The Oscar-nominated role Frank Sinatra snatched away from his arch-nemesis: “He thought I was bluffing”

Since the dawn of time, people in positions of power have been much more likely to make enemies than the average Joe, and as one of the biggest names in both music and cinema at the peak of his performative powers, Frank Sinatra made a few.

That’s the price of success, and since he was fully aware he was a megastar, ‘Ol’ Blue Eyes’ was prone to flaunting it in front of others. Whether he was ordering his mob-affiliated goons to beat the shit out of comedians, rubbing shoulders with the president of the United States, or booting Peter Lawford from the ‘Rat Pack’, he wasn’t shy of flexing his muscles.

If there was one person in Hollywood he despised more than anyone else, though, it was Marlon Brando.
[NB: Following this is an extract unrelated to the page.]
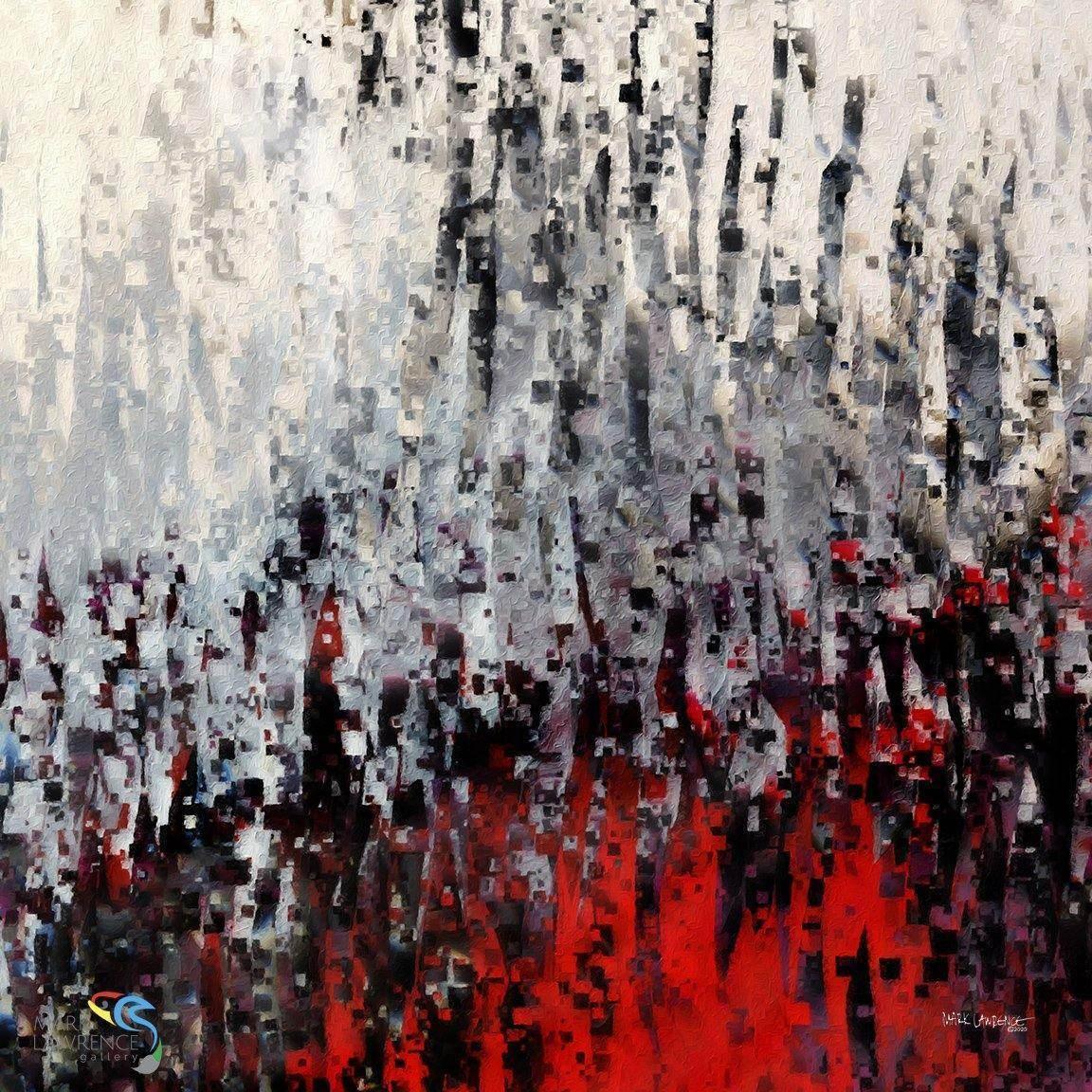Judges 6:12. The Lord Is With You. Limited Edition Christian Modern Art. Ultra-hand embellished and textured with rich brush strokes by the artist. Signed & numbered brightly colored Christian abstract art. Find Art That Speaks To You! When the angel of the Lord appeared to Gideon, he said, “The Lord is with you, mighty warrior.†Judges 6:12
The feud between the two all-time greats has become the stuff of legend, with their heated confrontations on the set of 1955’s Guys and Dolls barely even the tip of an iceberg crafted from animosity.

Sinatra desperately wanted to play Sky Masterson in the stage adaptation, and after Cary Grant had urged Brando to “take the role to piss him off,” he got it, and relegated his opposite number to second billing as Nathan Detroit. Things got so bad between them that, according to the method man’s close friend, Carlo Fiore, Sinatra even had Brando kidnapped and threatened with death at the hands of the mafia.
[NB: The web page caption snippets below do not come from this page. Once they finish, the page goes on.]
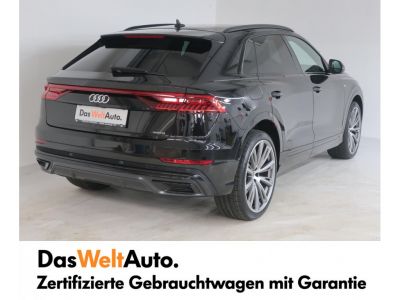 Audi Q8 Gebrauchtwagen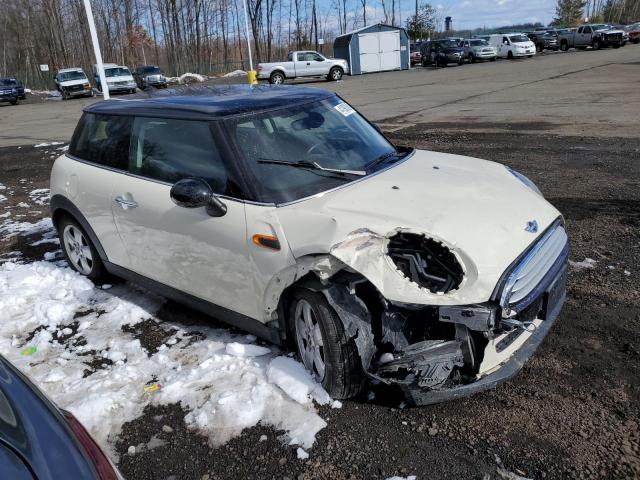 WMWXM5C5XFT942505 - 2015 MINI COOPER WHITE photo 4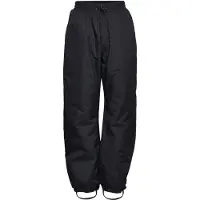 Molo Skibukser - Heat Basic - Sort - - 9 år (134) - Skibukser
Those closest to The Godfather legend, a movie that Sinatra also loathed with every fibre of his being, referred to the crooner as Brando’s “arch-enemy number one,” so you can only imagine how the latter felt when the former ended up snatching a plum part in a high-profile picture away from him, especially when it culminated in Sinatra’s only ‘Best Actor’-nominated performance at the Oscars.

“When I had about 30 or 40 pages of the script ready, I gave one copy to Sinatra’s agent and one to Marlon Brando’s agent,” The Man with the Golden Arm director Otto Preminger mischievously revealed to Peter Bogdanovich. “I got a call the next day from Sinatra’s agent, who said, ‘He likes it very much’. I said, ‘All right, I’ll send him the rest of the script as soon as I have it’. He said. ‘No, no. He wants to do it without reading the script.'”

The downside is that the filmmaker had to reach out to Brando and let him know that, regardless of how much he fancied embodying Frankie Machine in the classic noir, it was Sinatra’s. “He couldn’t believe me,” Preminger reflected. “He thought I was bluffing.” He wasn’t, and he wasn’t best pleased, but it also became a full circle moment in the feud between the two heavyweights.

The year previously, Brando had declined an offer to play Terry Malloy in On the Waterfront, which saw Elia Kazan offer the gig to Sinatra instead. He accepted, but when Brando changed his mind and decided he fancied the part after all, ‘Ol’ Blue Eyes’ was told his services were no longer required. Since he won an Oscar for the film and Sinatra didn’t for The Man with the Golden Arm, you could even say he got the better end of the deal.